VIERA側の文字が若干ブレているが、一応1Fの差異を示している。しかし、
これもシャッタースピード1/4000秒でのVIERAとBRAVIAの比較だが、VIERA側に数字のブレもなく、両者は全く同じ内容を示している。これはまさに先述した通り、「シャッタータイミングとのかみ合わせ」により結果が異なったのだろう。このことから、両者の遅延差は1F未満であると推察できる。
HDMI端子でのBRAVIAとREGZAの直接比較は行っていないが、間にVIERAを挟んだため、遅延の大きさとしては
BRAVIA < VIERA < REGZA
という結果が導ける。
次はコンポジット端子での比較。
まずはVIERAとREGZAの比較。
なかなか両画面が映った写真が取れなかったため、シャッタースピードを遅らせた。
この写真では時間部分こそ指し示す値は同じであるが、ブレの具合と上のフレーム数から1F弱ほどの遅れがあるようにも感じる。

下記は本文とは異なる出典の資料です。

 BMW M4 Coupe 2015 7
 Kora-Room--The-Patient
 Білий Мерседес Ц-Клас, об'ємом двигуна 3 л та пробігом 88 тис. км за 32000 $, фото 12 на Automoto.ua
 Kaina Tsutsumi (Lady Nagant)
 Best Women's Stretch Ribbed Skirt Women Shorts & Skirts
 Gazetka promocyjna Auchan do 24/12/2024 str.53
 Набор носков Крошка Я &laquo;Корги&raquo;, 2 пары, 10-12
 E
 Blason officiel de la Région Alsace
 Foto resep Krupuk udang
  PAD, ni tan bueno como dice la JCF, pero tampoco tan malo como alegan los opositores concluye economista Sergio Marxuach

しかし下の写真ではその差異が分からない(シャッタースピードを更に落としたせいもあるかもしれないが)。
だが左の円環を見ると、VIERAの方がわずかに早く進んでいる。このため、1F以下ではあるもののやはりコンポジット端子でも遅延は存在するようだ。
こちらはVIERAとBRAVIA。
時間だけを見ると1Fずれているようだが、上のフレーム数はVIERA側が少しブレているだけで2を示している。
このことから、HDMI端子に続き、コンポジット端子に対しても遅延の大きさの図式は
BRAVIA < VIERA < REGZA
が導ける。
以上のことをまとめると、遅延の大きさは下記のようになる。
【HDMI端子】
BRAVIA <(0~1F未満)< VIERA <(1~2F未満)< REGZA
【コンポジット端子】
BRAVIA <(0~1F未満)< VIERA <(0~1F未満)< REGZA
今回の調査結果から、企業のカタログスペックに頼り切った選択をしてはいけないことが分かった(回路遅延のみにしか触れていないから嘘は騙ってないことに注意)。

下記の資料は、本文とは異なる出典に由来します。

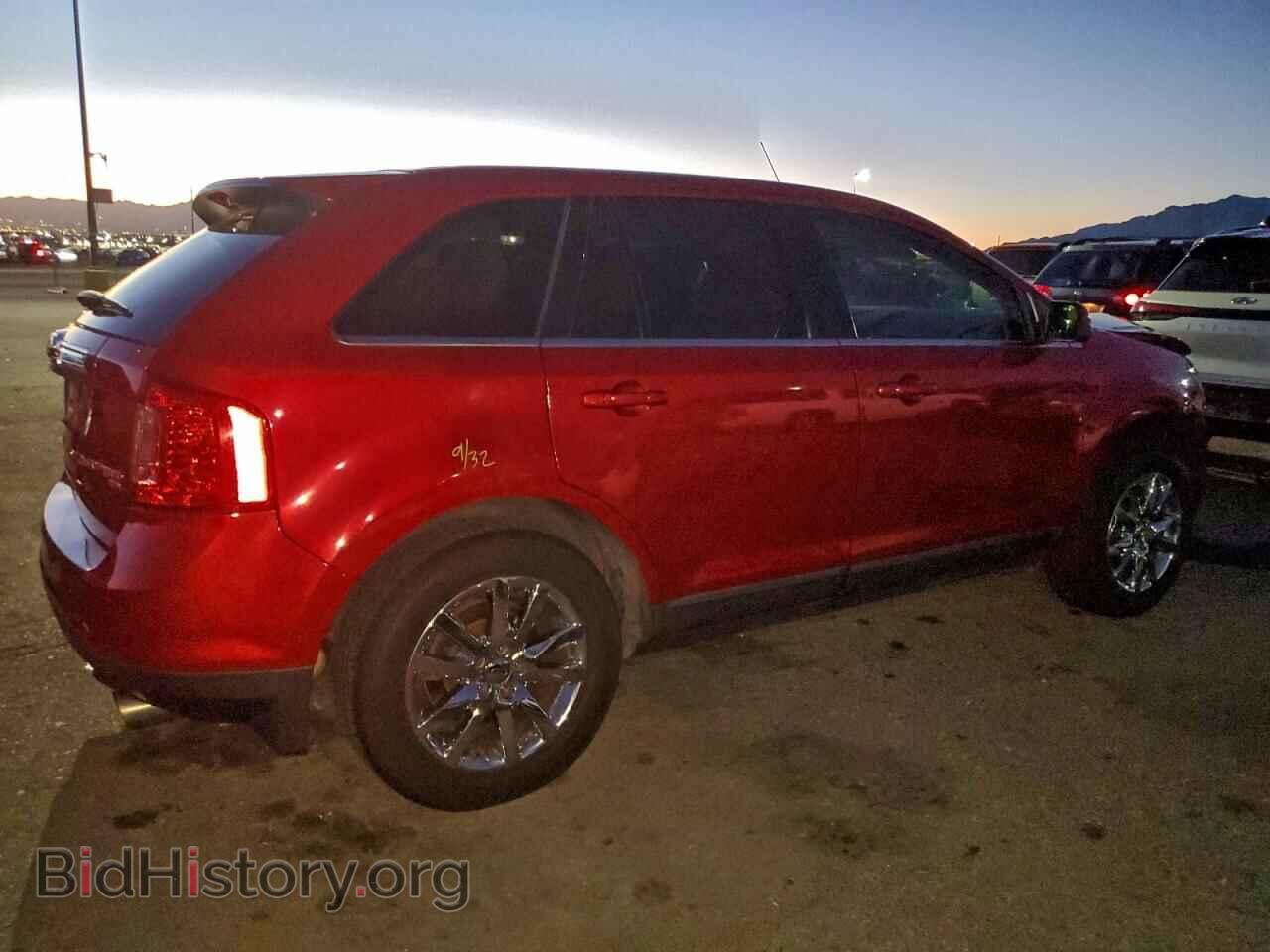 2012 FORD EDGE - VIN: 2FMDK4KC0CBA33864 - Фото 3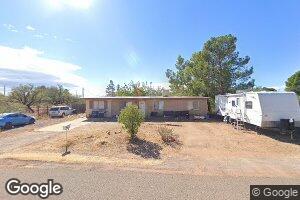 152 E Juniper Place, Huachuca City, AZ 85616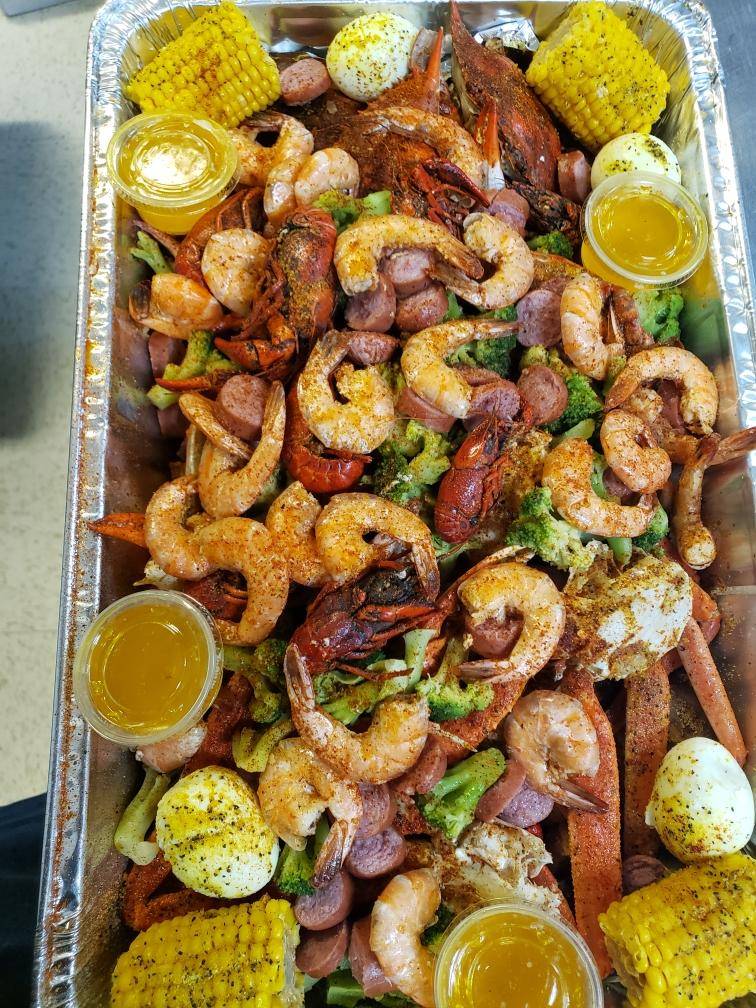 Fresh Fish Seafood Market | restaurant | 6 Flags Drive, 366 Riverside Pkwy #15, Austell, GA 30168, USA | 4702631920 OR +1 470-263-1920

しかし、遅延については実際に調べてみなければわからない。私は今回遅延が大きかった方を売るつもりでとりあえず両方買ってみたが、最初からいくつかに絞っていないとキリがないだろう。
参考までに私が今まで試した中で遅延が少なかったテレビをメーカーで挙げると、SONY、東芝、Panasonic、ドウシシャがある。
それらの中から更に厳選する時は家電量販店などでゲーム機持参で試遊できるか聞いてみる手がある。実際に試してみるとラグや画質が分かってかなり参考になる(遅延の無さは随一なのに画質があんまりで候補から外れたド〇〇〇ャ・・・)。

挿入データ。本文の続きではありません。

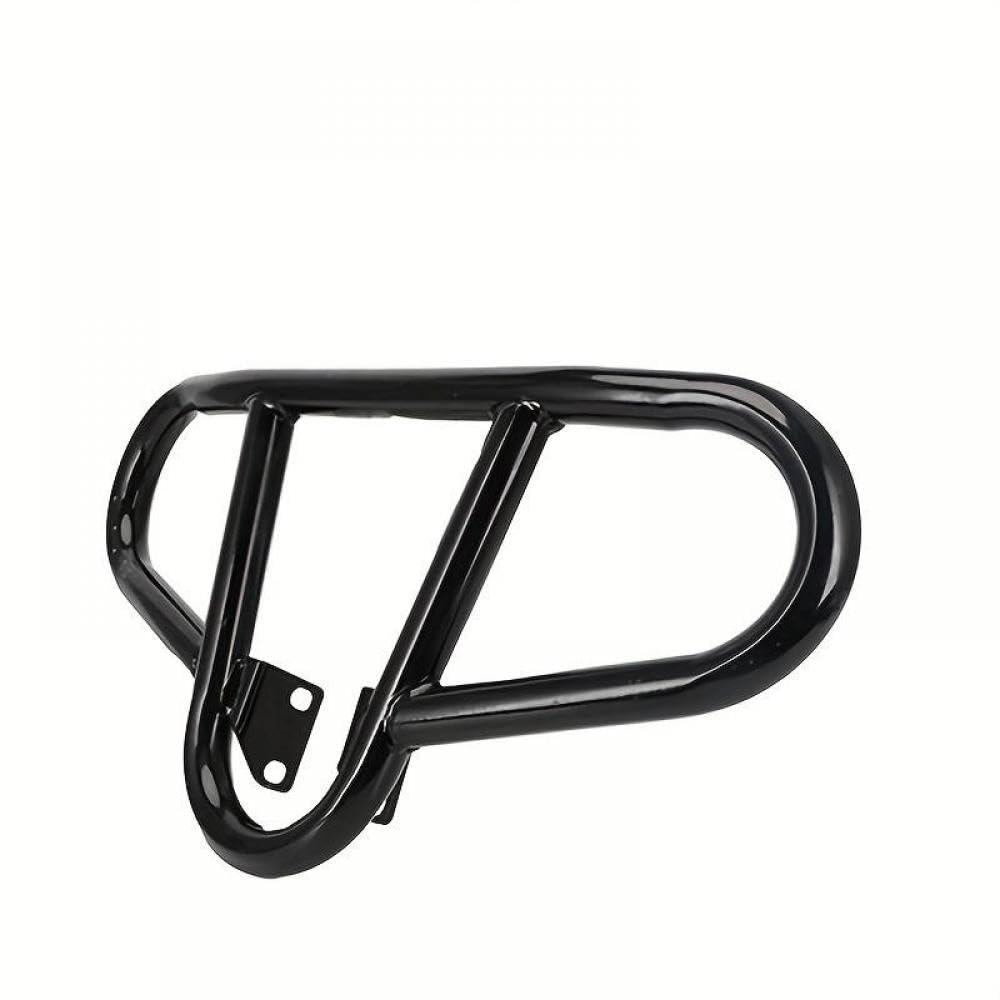 Black Iron Motorcycle Front Guard Crash Bar Stoßfänger kompatibel mit HAWK250 Hawk 250 Black Iron Motorcycle Front Guard Crash Bar Stoßfänger kompatibel mit HAWK250 Hawk 250 von GCDZKJIJ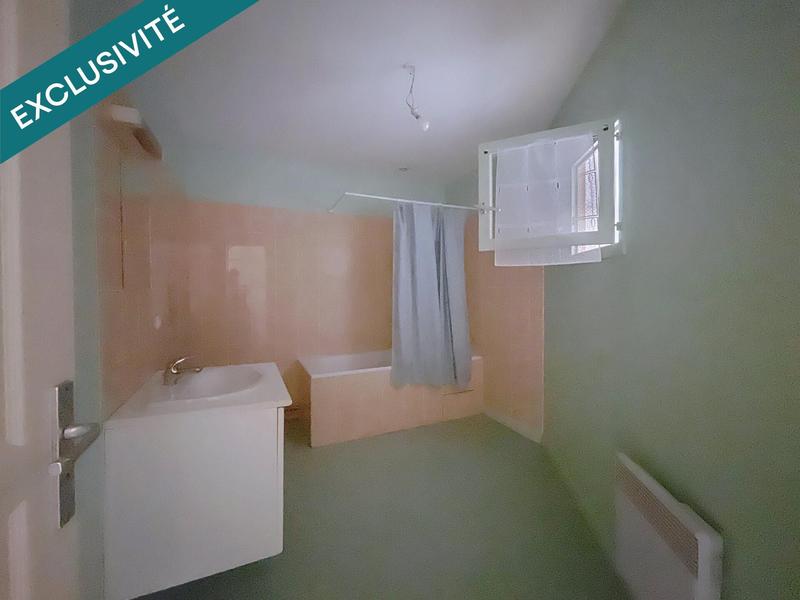 Maison - 115 m² - 4 pièces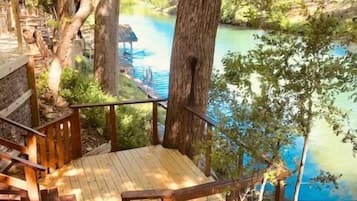 House, 2 Bedrooms | Property grounds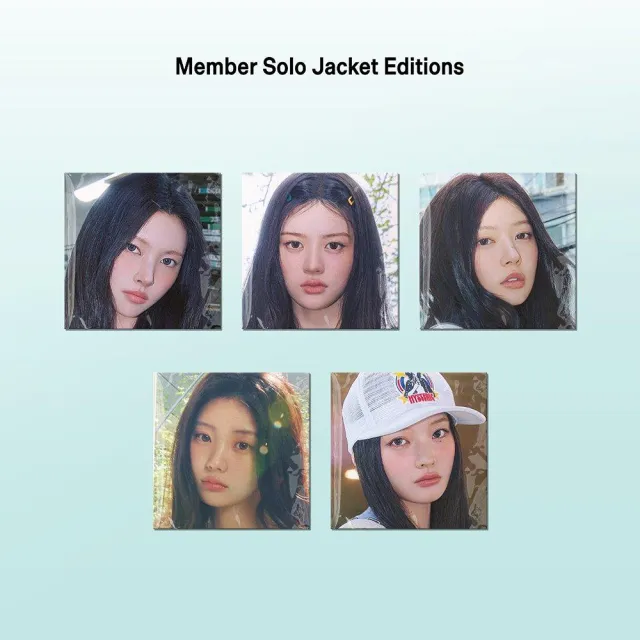 ILLIT - 2nd Japan Single Album [I Got Your Back]  Limited Edition / Member Ver.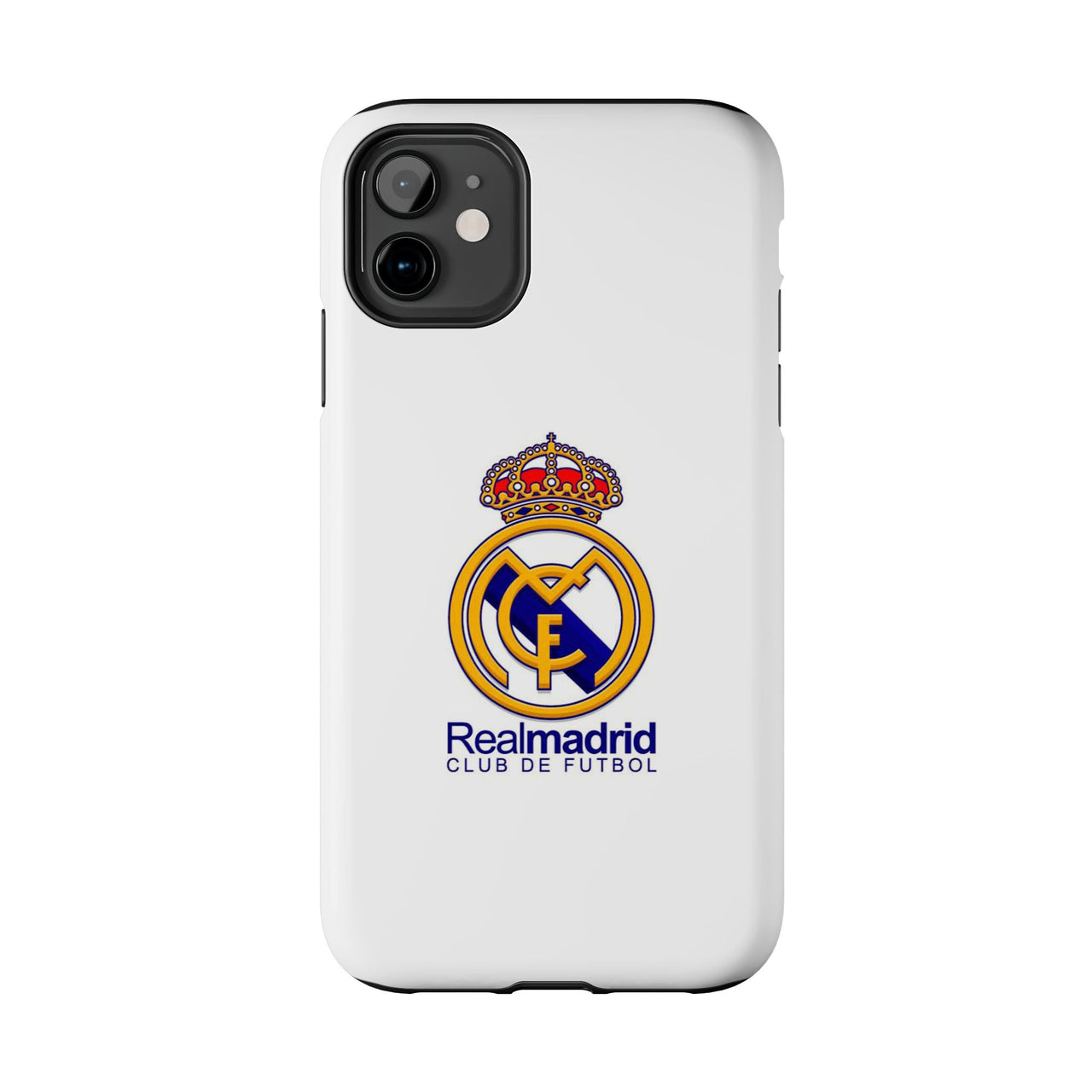 Real Madrid Phone Case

また、その際にはSFCの星のカービィSDXの刹那の見斬りをやってみてタイムがどう違うかを調べれば大変参考になる。案外毎回安定して同じタイムが出るため有用。(例えば、メーターの数値は1/60秒ごとに1上がるため、家のテレビで安定して11を出せるのに店頭のテレビだと安定して12の場合、コンディションや環境を考慮しなければテレビの遅延差は家のテレビと比較して1/60秒であることが分かる)
※考案:まどら(@WaddleDX)さん
ちなみに画像は省くが、うちのPCモニターのG235HとVIERAを試したら、遅延差1F未満でG235Hの方が少なかった。
P.S. 画質について
さて、遅延に関してはBRAVIAが優れていることが分かったが、画質に関してはそうとも言えなかった。BRAVIAは調整なしでの初期状態ではぱっと見で分かるレベルで画質がREGZAに劣る。
↑REGZA
↑BRAVIA(設定調整後)
まずコントラストの範囲が劣っている。さらに全体的に粗く、洞窟大作戦
の枠上部にはREGZAにはない謎のギザギザまで存在している。大枠の緑枠もギザギザしている。
↑REGZA
↑BRAVIA(設定調整後)
写真の撮り方が下手でBRAVIAの方が画面が綺麗に見えてしまっているが、実際にはREGZAの方が上。この写真で注目すべきは画質よりもコントラストである。カメラではうまく表現できなかったが、実際に見比べてみるとBRAVIAでは遠方は砂でも舞っているかのように少し黄色がかっていて、緑や地面の色も薄い。
ちなみにREGZAはハーフHDでBRAVIAはフルHDである。ブルーレイを見ると細かい描写はBRAVIAが勝っているものの、色合いではREGZAが勝っているように感じた。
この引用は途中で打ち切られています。